To me, most Taiwanese don’t (espically down South). I’m not even sure if they try to disinguish…on several occasions I’ve heard an new word and will ask someone to write it down for me. For example, ce4 shi4 (to test)…ask them to write the bopomofo and you’ll get cheshi alot.

Tell me about it. I was sitting in on an introductory Mandarin class the other day and the teacher was telling the students that the word su4 (like “I’m vegetarian” “Wo chi su”) was pronounced the same as the word for “tree” (shu4). (Unless there is another word for tree that I’m not aware of. That’s always possible.)

My teachers in the PRC would have killed me for saying something like that.

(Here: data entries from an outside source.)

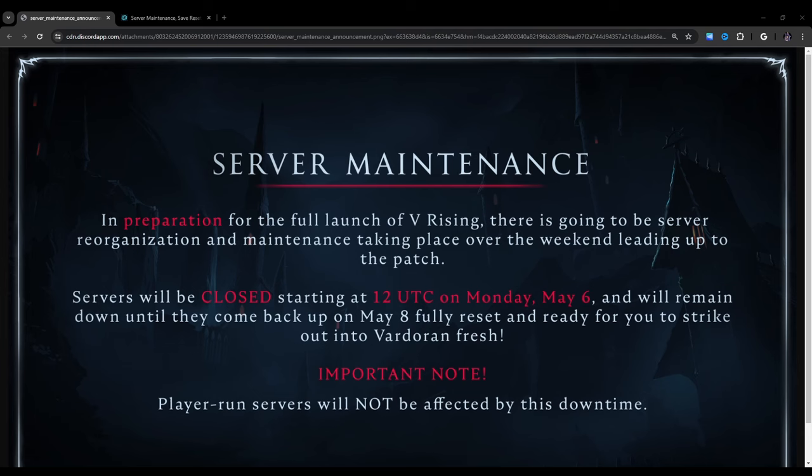Hello and welcome. Today I'll be going over the latest VRising dev update, giving us some information on the server maintenance notice and some other things just so you guys are aware because I've gotten a lot of questions about this. So yeah, let's get right into it.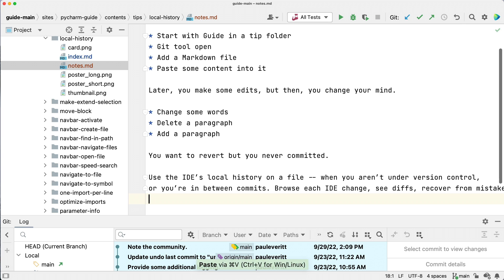Use local history when Git can't save you. You're in your repo. You add a file.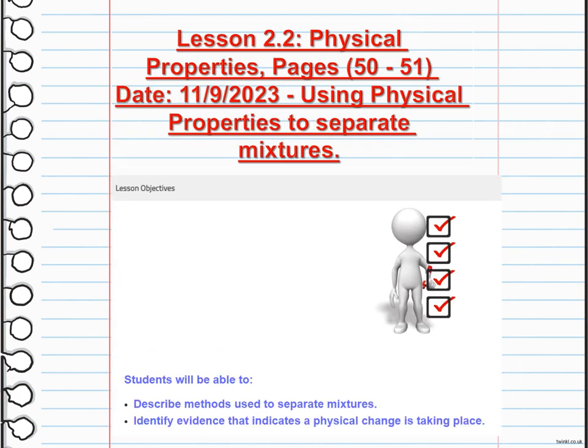The second part of this lesson is using physical properties to separate mixtures. Your main objectives for this lesson are to describe methods used to separate mixtures and to identify evidence that indicates a physical change is taking place. To separate mixtures, various methods can be employed based on the physical properties of the substances involved.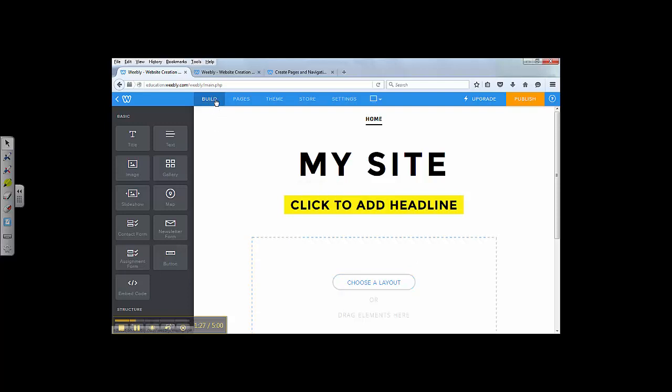You have five main tabs on the top: Build, Pages, Theme, Store, and Settings. Build is for you to put elements on your site, on your pages.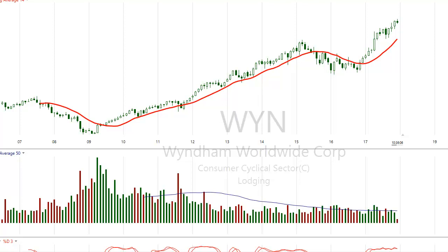As a swing trader, we can use the volume bar on a monthly chart, weekly chart, and daily chart. It will reveal to us the activity of the hedge funds and big financial institutions — this is very important.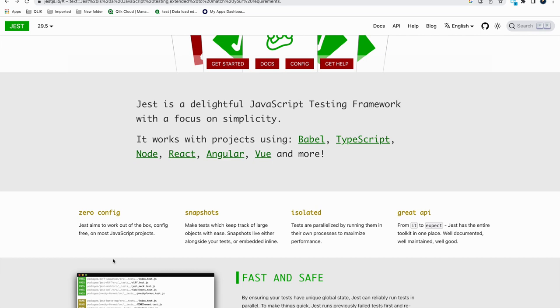Another benefit is snapshots - you can persist large objects with ease using snapshots or compare snapshots, which is useful for testing. It is isolated - if you are running multiple tests in parallel, all tests have their own processes, so they won't use each other's resources and run separately. This way you can maximize performance. Great API - hooks like beforeAll, afterAll are supported in Jest.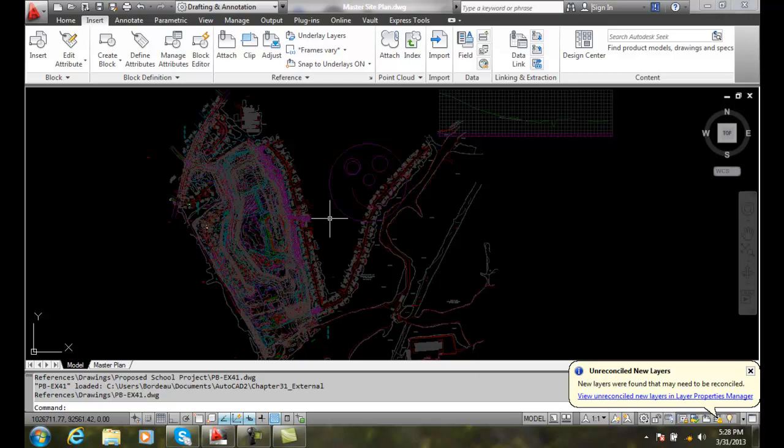This is called the Xopen. It allows us to open an external reference file while we're in the host file and make changes.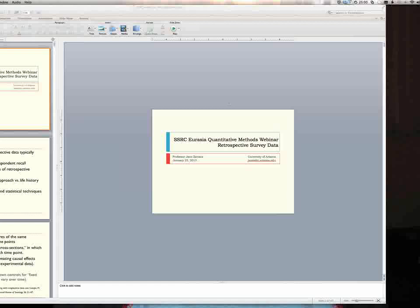Hello and welcome to the second installment in the SSRC Eurasia Program webinar series on Issues and Quantitative Methods in Eurasian Studies. My name is Denise Michiewicz and I am the Program Coordinator here at the SSRC Eurasia Program.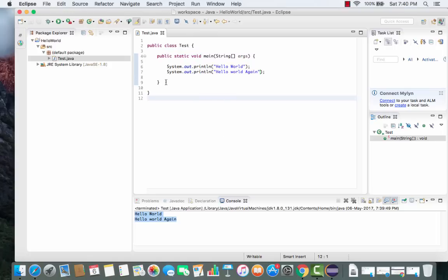So now you have successfully installed Eclipse IDE on your Mac operating system and successfully tested your first Hello World Java project. I hope you enjoyed this video — please rate, comment, subscribe, and bye for now.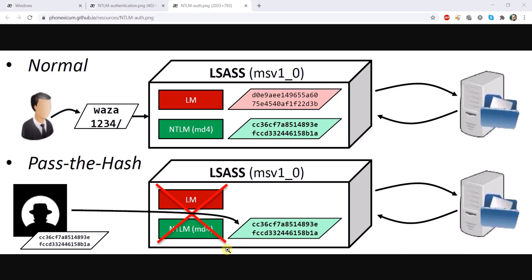You must be a local administrator to access and see these hashes. In most organizations, all users are local admin on their computer just to make things easy — that's the conflict between IT and security. Be careful: I said the user must be a local admin on their own machine, not an admin on the domain controller or the whole domain or forest.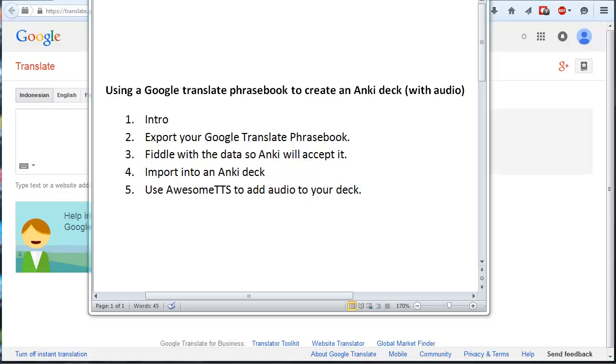Hi everyone, welcome to this tutorial on creating an Anki deck out of a Google Translate phrasebook. Before I get started, you should be able to click any of the bullet points here and skip to that part of the video. There should also be links in the description below if I don't forget.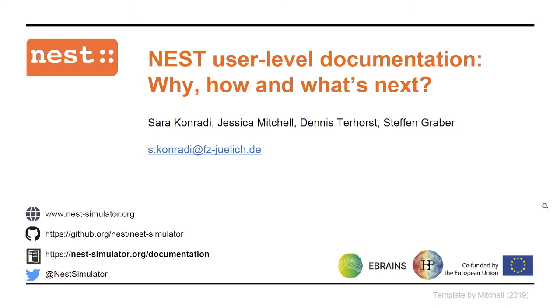Hello and welcome to this talk. My name is Sarah Konradi and today I want to introduce you to the user-level documentation of Nest. I will speak a bit about its philosophy, the latest updates, and what's next.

But I suppose if everyone pronounces the word like su4, there is not really any reason to expect them to know the “correct” bopomofo.

I just feel sorry for those poor foreigners when they try to look up the word su4 for tree.

I learned my Chinese 100% by ear, by myself, just listening to people, and talking with friends. The Taiwanese “accent” issue used to drive me friggin nuts! People would correct me, trying to get me to say a word “byao-tswen”, and as soon as they weren’t conscious of what they were saying they, themselves, would revert to hardcore “taiwan gwo-yu”.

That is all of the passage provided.